Num outro post referi a tríade ecológica de Bento XVI composta pelas ecologias ambiental, humana e espiritual, onde o Papa “inova” na última. Ao reflectir sobre a Imaculada Conceição, sobre a pureza de Maria e a vida na cidade, Bento XVI adianta um exemplo prático do tipo de poluição que pode haver relativa à ecologia espiritual e dos eco-males associados, encontrando em Maria uma via que ajuda a ultrapassar essa crise ecológica-espiritual. Importa salientar que essa via passa pelo conceito de alma, no qual muitos não acreditam, sobretudo pela noção dualista que a separa do corpo, remetendo-a para a esfera do invisível, imaterial e, por isso esfera especulativa e incredível. Bento XVI na sua “Introdução ao Cristianismo” (pp. 254-260, Principia, 2005) afirmava sobre a alma que «aquilo que amadureceu durante a existência terrena de espiritualidade corporificada e de corporalidade espiritualizada continuará a existir de outra maneira. E a sua existência prossegue porque vive na memória de Deus (…) ‘Ter alma espiritual’ quer dizer exactamente ser querido, conhecido e amado de modo especial por Deus; ter alma espiritual significa ser-se alguém que é chamado por Deus para um diálogo eterno e que, por isso, é capaz, por sua vez, de conhecer Deus e de lhe responder. Aquilo a que, numa linguagem mais substancialista, chamamos ‘ter alma’, passamos a chamar, numa linguagem mais histórica e actual, ‘ser interlocutor de Deus’.»

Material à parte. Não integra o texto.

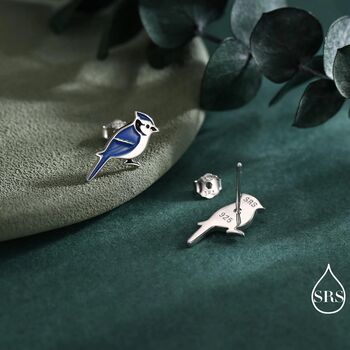 Blue Jay Sterling Silver Stud Earrings, 2 of 11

Tenhamos presente este conceito relacional – diria – de alma. Eis então a leitura de Bento XVI quanto à poluição no âmbito da ecologia espiritual.

«Nós muitas vezes lamentamos a poluição do ar, que em determinados locais da cidade é irrespirável. É verdade: precisamos do empenho de todos para fazer a limpeza da cidade.

E, no entanto, existe uma outra poluição, menos perceptível aos sentidos, mas tão perigosa como a outra. É a poluição do espírito, é o que torna a nossa cara menos sorridente, mais sombria, o que nos leva a não cumprimentar uns aos outros, a não olhar para o outro no rosto. A cidade é feita de rostos, mas, infelizmente, a dinâmica colectiva pode fazer desaparecer a percepção da sua profundidade. Nós vemos tudo superficialmente. As pessoas tornam-se corpos, e estes corpos perdem a alma, tornam-se coisas, objectos sem rosto a serem trocados e consumidos.

Maria Imaculada ajuda-nos a redescobrir e defender a profundidade das pessoas, porque nela existe uma perfeita transparência da alma no corpo.»